Task:
Everything in the listing should be transcribed exactly, apart from the pictures.

Data excerpt:
========================================
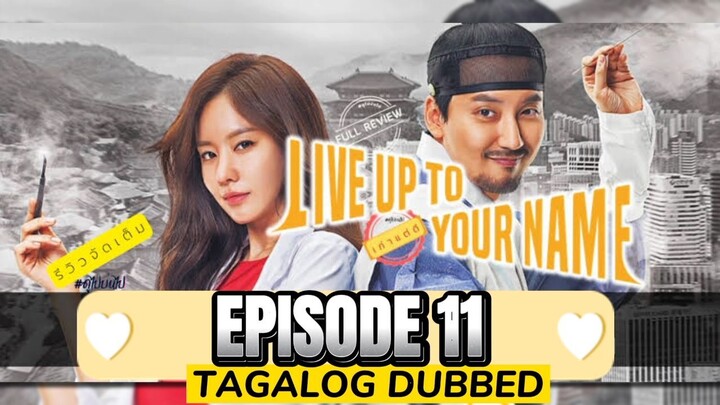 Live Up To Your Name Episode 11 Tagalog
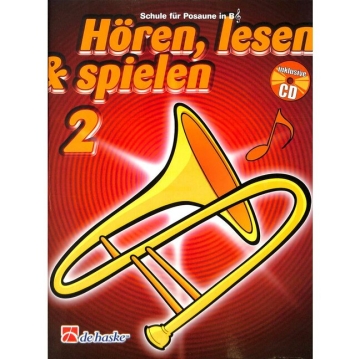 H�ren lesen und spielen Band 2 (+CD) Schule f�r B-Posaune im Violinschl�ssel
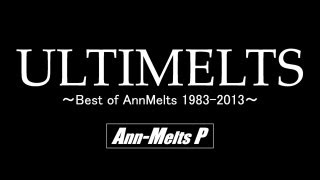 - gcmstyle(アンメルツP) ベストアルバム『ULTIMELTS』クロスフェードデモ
========================================
Completed exercise:
 Live Up To Your Name Episode 11 Tagalog
 H�ren lesen und spielen Band 2 (+CD) Schule f�r B-Posaune im Violinschl�ssel
 - gcmstyle(アンメルツP) ベストアルバム『ULTIMELTS』クロスフェードデモ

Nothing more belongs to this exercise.